Steelseries Sensei / Sensei Raw - This family was so damn close to perfect. It felt just exactly perfect. The two flaws from the Zowie ZA11 were non-factors with the Sensei. The palm height was perfect, and all buttons as well as the wheel felt very crisp and responsive without being too stiff. The only issue with the Sensei was unfortunately a huge issue: the laser sensor itself. It's notoriously known for having significant negative acceleration. It did seem consistent and I don't think using it puts you at a huge disadvantage compared to better sensors, it just feels awkward to experience the bad sensor, especially when you use it for a significant length of time and then try something better. You'll instantly hate the feel of the Sensei's cursor response
Roccat Kova - Mouse felt very cheap. The coating seemed to react poorly with any hand sweat or oils, even if they were minimal. The wheel was very good. The button response was fine, but the coating was just finicky.

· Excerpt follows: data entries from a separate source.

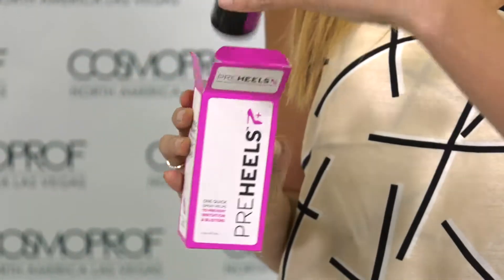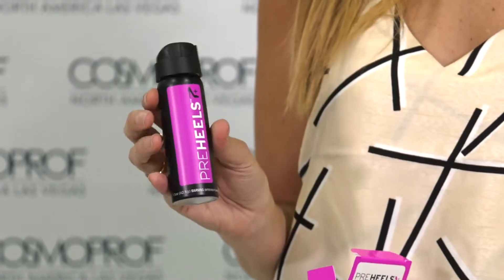I'm so excited to be here with you and at our first Cosmoprof, because Preheels just launched in September of 2016. It's a brand new product — totally innovative, nothing like it on the market. This is a blister prevention spray, so you basically just spray it on your feet wherever your shoes rub, and it creates a clear, durable barrier that blocks friction. It works with heels, flats, sneakers, and flip-flops.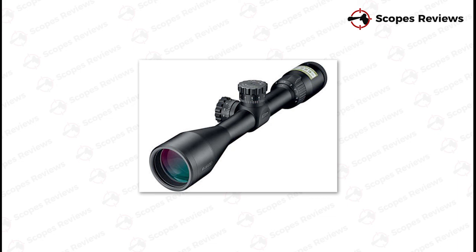One advantage it does have over the larger and more expensive scopes is the fact that it is compact, which is preferable in some hunting situations. On the flip side, it doesn't provide the best eye relief, and there does seem to be an issue with the eye caps from time to time.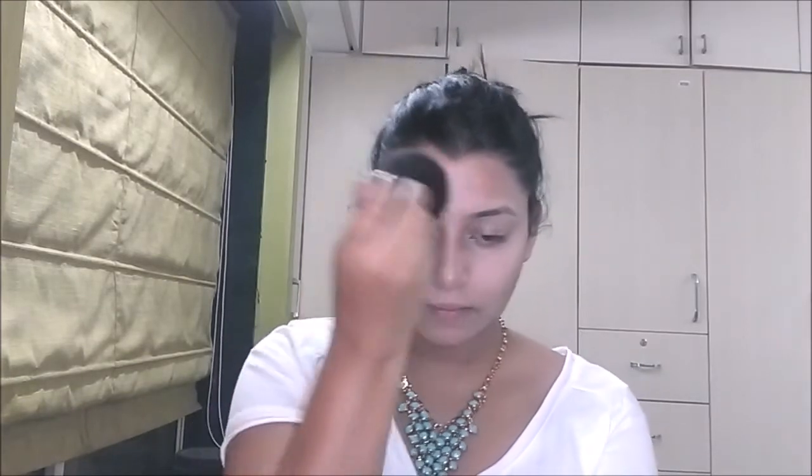Just tap it in and you can see it blending into the face — it looks pretty. Next we have to apply compact powder. The compact powder I'm using is Lakme, applied with my powder brush from Forever 21. Take powder on your brush, remove the excess, and apply it on your face very lightly just to make it even and give it a matte look.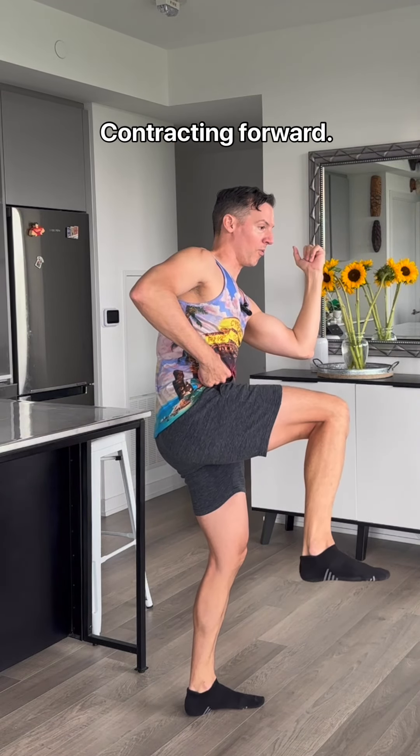Contracting forward. Three, and two, and one.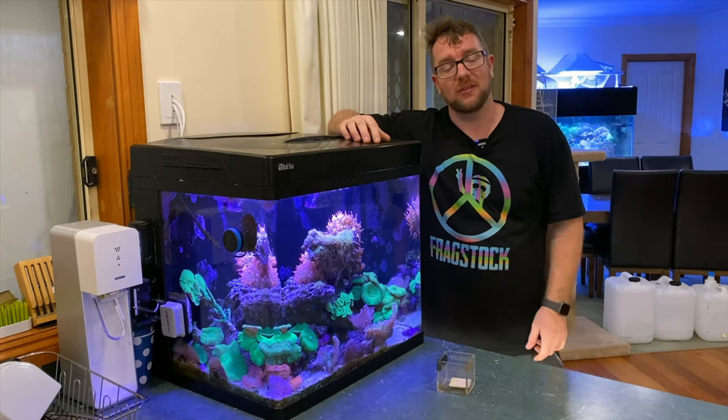Hey y'all, welcome to Parker's Reefs. On today's episode we're going to see if we can get one of these frosted rose bubble tip NEMs out of this tank.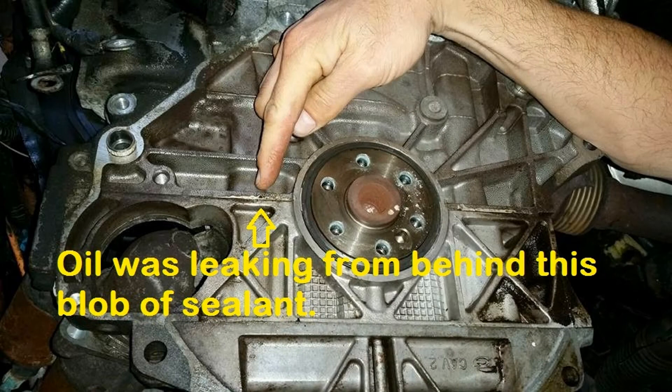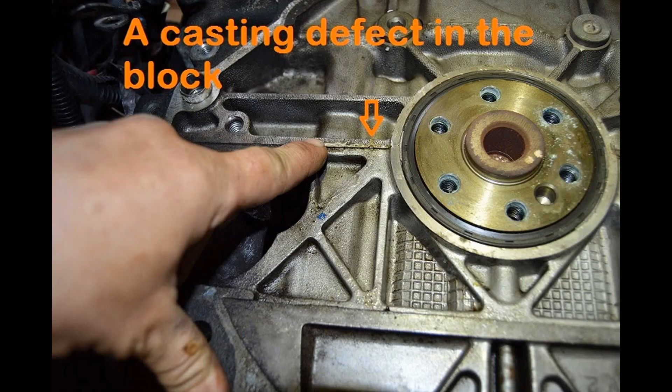I pulled the tranny back out because we stand behind our work, and upon further investigation, we found a little hole in the block. Kind of a weird one — never seen a hole like that before. I got some pictures, maybe I'll splice them in right now. So yeah, a little hole in the block.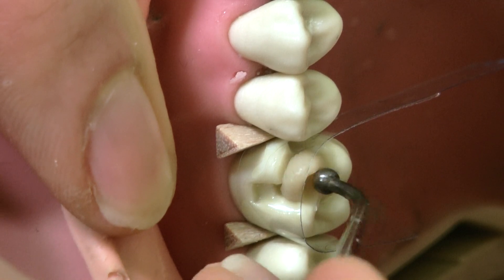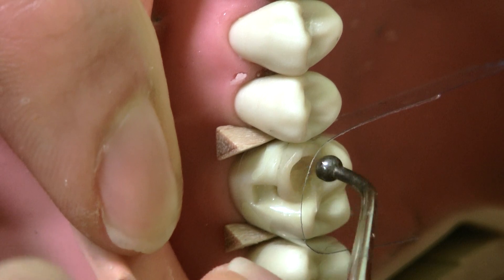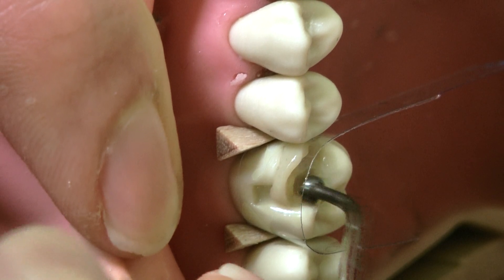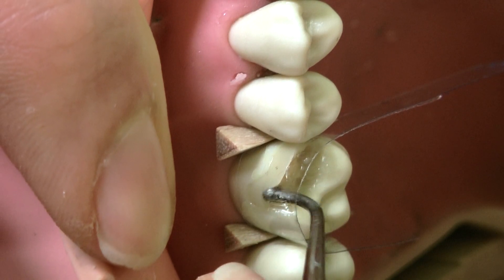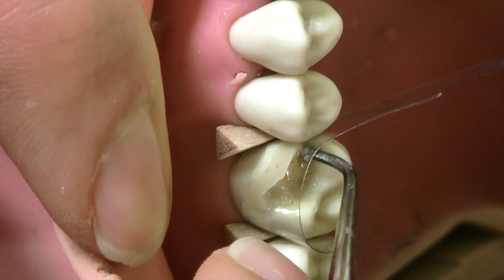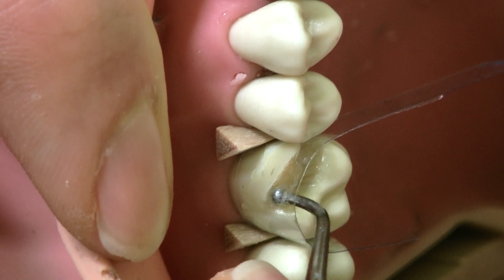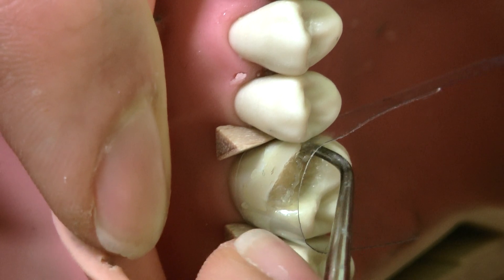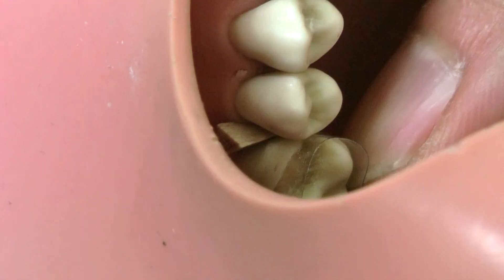We're applying composite. I like to use a ball burnisher to pack it — if you don't want your burnisher to stick to the composite, you can dip it into bonding. Pack it nicely over the cavity and bevel — the buccal and proximal extension boxes — making sure you don't have any gaps or voids. You'll get some excess on the buccal or occlusal, which is fine, but you should not have any excess in the interproximal. To avoid that, before you cure it, hold the mesial, wrap the mylar strip tightly around the tooth, and then cure for about 20 seconds. We do composite in layers and increments to reduce shrinkage and sensitivity afterward.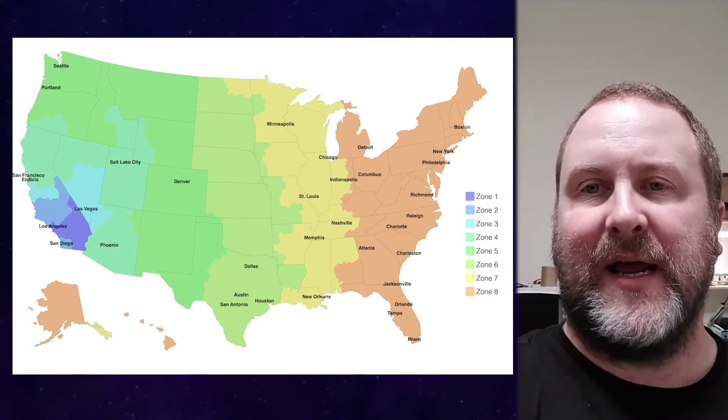And then beyond that, zones 6, 7, 8. Flat rates, as far as shipping cans go, are pretty much good for zones 6, 7, and 8. That's pretty much what you want to use for shipping cans in those zones — large or medium flat rates.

Razer Taipan - The whole mouse body had an awkward feel to me. It might have been better with smaller hands, but it just felt strange. The side buttons were super thin so they required a very specific and angled push with the thumb to actuate. Sensor was fine if you kept the DPI reasonable, and the regular buttons felt OK. Synapse sucks.
Razer Ouroboros - Man, what a great idea this was. Unfortunately it's super uncomfortable to hold, and it's wireless, so it suffers from the feeling of latency that all wireless mice have. It's possible I didn't give it long enough to grow on me, but it felt awful from the beginning right up to the day I put it back in the box. Even the very awkward R.A.T. mice felt much better than this.
There are also a lot of mice that appear to be ambidextrous but they're generally missing buttons on the right side of the shell which makes them RH only. Some notable ones are:
Logitech PRO G
Dream Machines DM1 Pro - This one made me very sad. It's basically a Sensei clone with a much better sensor, but they had to omit the right side buttons so it's worthless. :-(
That's all I'm going to list for now, but I'll check back later. If you have any questions regarding specific mice, fire away and I'll let you know if I've used it and how my experience went.